Fixed-sized allocator¶
Registration¶
The fixed-size allocator cut the memory pool into chunks with the size the same as the size of the object. Hence, you need to provide an API for users to register the allocator for certain object classes. And the API returns a token to the caller. With the token, the user can ask the allocator to allocate one object from the corresponding pool for that class.
required 2-1
Implement the API for register a fixed-size allocator.
Allocate¶
After the allocator gets one request from the user. It does the following things.
Check the token and find the memory pool.
If the memory pool is empty, allocate page frames.
Initialize the memory pool for bookkeeping.
Find empty slot in the memory pool and return it to user
Free¶
The user frees the object by passing the address of the object as an argument to the allocator. The allocator should look up its internal data structure and put the object to the right pool.
required 2-2
Implement the API for allocate and free for fixed-size object.
question 2
If the registered object size is 2049 byte, one page frame can only fit in one object. Hence the internal fragmentation is around 50%.

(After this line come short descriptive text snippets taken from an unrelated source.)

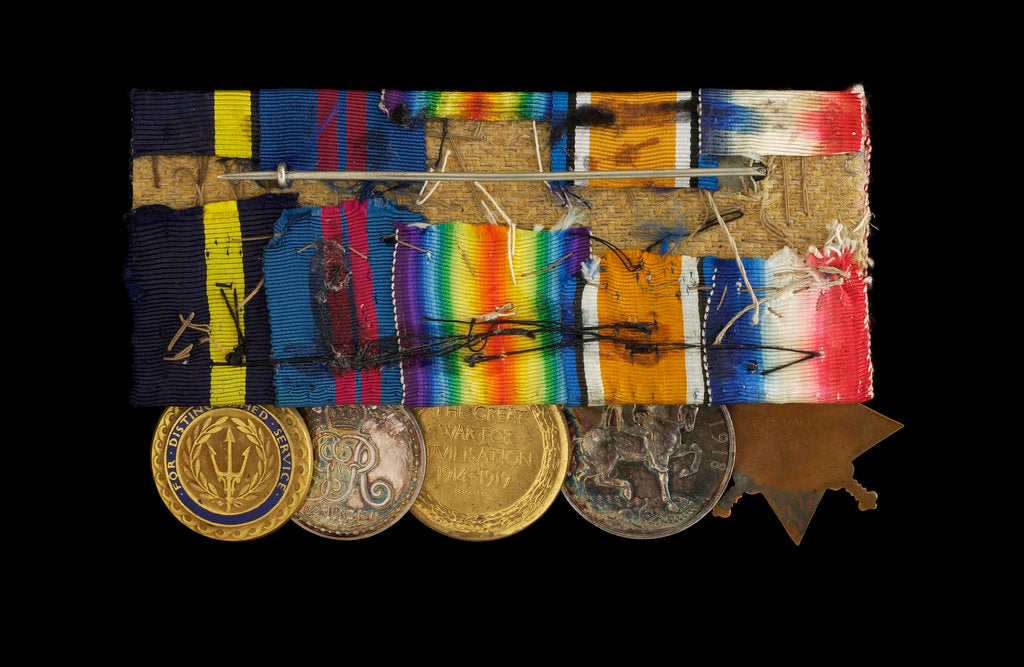 Detail of Medals awarded to Admiral Sir W. Reginald Hall (reverse, right to left, MED1988-1992) by unknown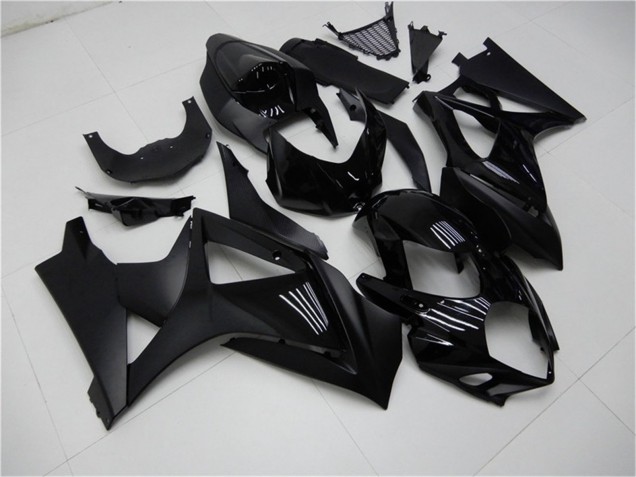 Carenados Moto Suzuki GSXR 1000 2007-2008 - Negro Brillante Negro Mate No Calcomanía Fabricantes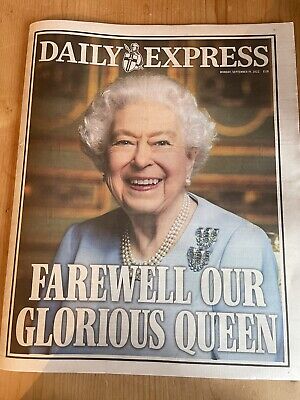 DAILY EXPRESS NEWSPAPER Death Funeral Queen Elizabeth (19/09/22) New ...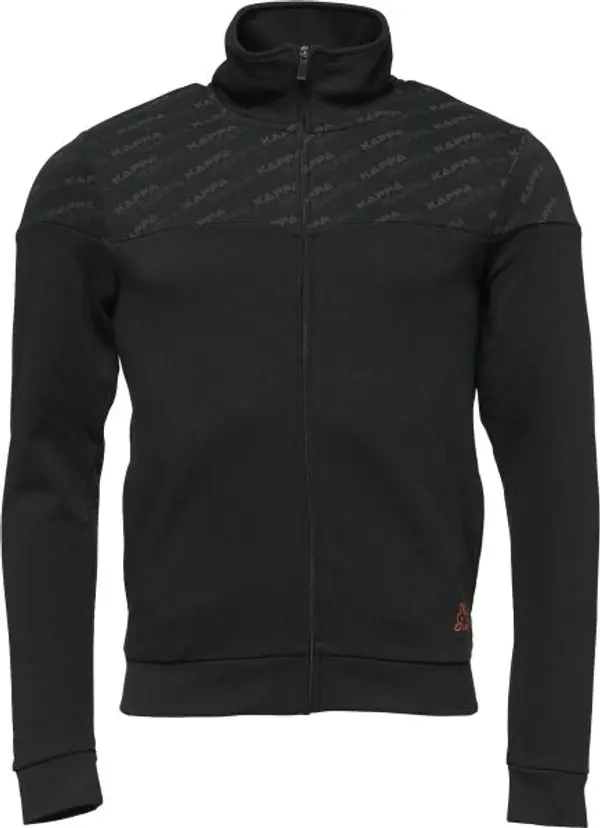 Kappa Kappa LOGO GELO Мъжки суитшърт, черно, размер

How to decrease the percentage of the internal fragmentation in this case?
Hint
The prefix of the address of the allocated object will be the PFN of the memory pool that allocated the object. You can look up the memory pool by it.
The bookkeeping of memory pool can be done by either list or bit array.
Varied-sized allocator¶
In some cases, an object should be dynamically allocated but it’s not frequently used. It’s wasteful to prepare a dedicated memory pool for it. Also, an untyped allocator is easier to use.
The implementation of varied-sized allocator can be simply as create several fixed-sized allocators. The varied-sized allocator works as a proxy of page allocator and fixed-sized allocator. If the allocated size is very big, it calls page allocator directly to allocate contiguous page frames. Otherwise, it rounds up the allocated size to one of the registered allocators and uses the token to the fixed-sized allocator.
required 3
Implement a varied-sized allocator.
Elective¶
Startup allocator¶
The dynamic allocator relies on the page allocator. The page allocator relies on the page array. The page array relies on dynamic allocation at runtime.
Then it introduces the chicken or the egg problem. To break the dilemma, you need a dedicated allocator for the startup time allocation.
In the early stage of booting, the kernel can get the amount of RAM and the memory hole through the message from the device tree, BIOS, ACPI, or bootloader. Then, the physical memory can be divided into several large regions. The startup allocator can simply bookkeep the information of the region’s start and end. Then it can use a small amount of memory to describe a huge amount of physical memory.
Again, it needs descriptors for bookkeeping. You can statically allocate a small size descriptors’ array. And the array can grow up at runtime by recording and allocating a larger array in the old array. Then copy the information to the new array. Therefore, it can bootstrap to manage all region’s information.
elective 1
Implement the startup allocator.
Refactor your code¶
With the dynamic allocator, you can depreciate your legacy static memory allocator.
Hence, the .bss section size should be relatively small.
You should use nm --size-sort -S kernel8.elf | grep -i " b "
to check your .bss
The largest one should not be greater than 1KB.
elective 2
Replace the static memory allocator with the dynamic memory allocator in your kernel.
question 3
What’s the benefit to prevent static allocation?